The name, a reference to the Rolling Stones lyric
“I was born in a crossfire hurricane,” was an apt prediction of a
political storm that continues to tear shingles off the bureau. Days
after they closed their investigation into Hillary Clinton’s use of a
private email server, agents began scrutinizing the campaign of her
Republican rival. The two cases have become inextricably linked in one
of the most consequential periods in the history of the F.B.I.
[Read our briefing on secret government code names]
This
month, the Justice Department inspector general is expected to release
the findings of its lengthy review of the F.B.I.’s conduct in the
Clinton case. The results are certain to renew debate over decisions by
the F.B.I. director at the time, James B. Comey, to publicly chastise
Mrs. Clinton in a news conference, and then announce the reopening of the investigation days before Election Day. Mrs. Clinton has said those actions buried her presidential hopes.
Those
decisions stand in contrast to the F.B.I.’s handling of Crossfire
Hurricane. Not only did agents in that case fall back to their typical
policy of silence, but interviews with a dozen current and former
government officials and a review of documents show that the F.B.I. was
even more circumspect in that case than has been previously known. Many
of the officials spoke on condition of anonymity because they were not
authorized to discuss the investigation publicly.
Agents
considered, then rejected, interviewing key Trump associates, which
might have sped up the investigation but risked revealing the existence
of the case. Top officials quickly became convinced that they would not
solve the case before Election Day, which made them only more hesitant
to act. When agents did take bold investigative steps, like interviewing
the ambassador, they were shrouded in secrecy.
Fearful
of leaks, they kept details from political appointees across the street
at the Justice Department. Peter Strzok, a senior F.B.I. agent,
explained in a text that Justice Department officials would find it too
“tasty” to resist sharing. “I’m not worried about our side,” he wrote.
Only
about five Justice Department officials knew the full scope of the
case, officials said, not the dozen or more who might normally be
briefed on a major national security case.
The
facts, had they surfaced, might have devastated the Trump campaign: Mr.
Trump’s future national security adviser was under investigation, as
was his campaign chairman. One adviser appeared to have Russian
intelligence contacts. Another was suspected of being a Russian agent
himself.
In the Clinton case, Mr.
Comey has said he erred on the side of transparency.

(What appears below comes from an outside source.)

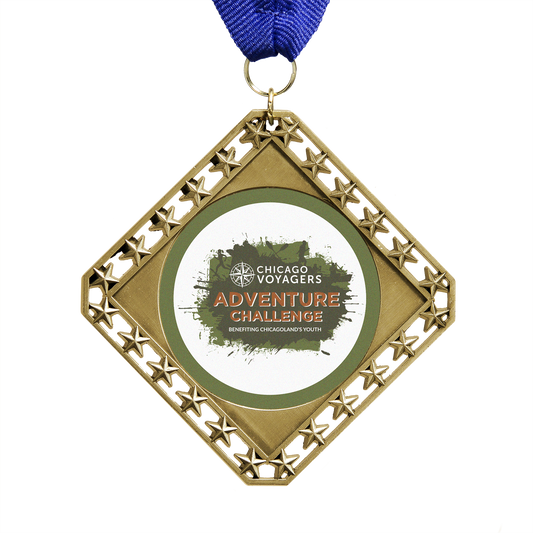 3½" Gold Diamond Medal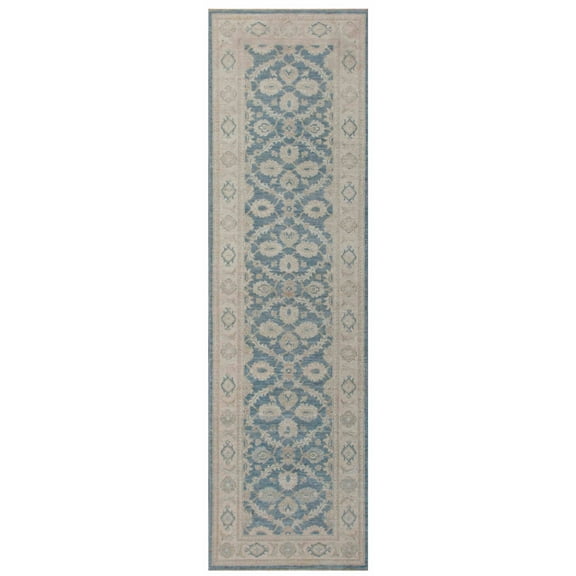 Pasargad Home Denver Hand-Knotted Grey Lamb's Wool Area Rug  2' 8" X 9' 3"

But in the face of
questions from Congress about the Trump campaign, the F.B.I. declined to
tip its hand. And when The New York Times tried to assess the state of
the investigation in October 2016, law enforcement officials cautioned
against drawing any conclusions, resulting in a story that significantly played down the case.
Mr.
Comey has said it is unfair to compare the Clinton case, which was
winding down in the summer of 2016, with the Russia case, which was in
its earliest stages. He said he did not make political considerations
about who would benefit from each decision.
But
underpinning both cases was one political calculation: that Mrs.
Clinton would win and Mr. Trump would lose. Agents feared being seen as
withholding information or going too easy on her. And they worried that
any overt actions against Mr. Trump’s campaign would only reinforce his
claims that the election was being rigged against him.
The
F.B.I. now faces those very criticisms and more. Mr. Trump says he is
the victim of a politicized F.B.I. He says senior agents tried to rig
the election by declining to prosecute Mrs. Clinton, then drummed up the
Russia investigation to undermine his presidency. He has declared that a
deeply rooted cabal — including his own appointees — is working against
him.
That argument is the heart of
Mr. Trump’s grievances with the federal investigation. In the face of
bipartisan support for the special counsel, Robert S. Mueller III, Mr.
Trump and his allies have made a priority of questioning how the
investigation was conducted in late 2016 and trying to discredit it.
“It’s a witch hunt,” Mr. Trump said last month on Fox News. “And they know that, and I’ve been able to message it.”
Congressional
Republicans, led by Representative Devin Nunes of California, have
begun to dig into F.B.I. files, looking for evidence that could
undermine the investigation. Much remains unknown and classified. But
those who saw the investigation up close, and many of those who have
reviewed case files in the past year, say that far from gunning for Mr.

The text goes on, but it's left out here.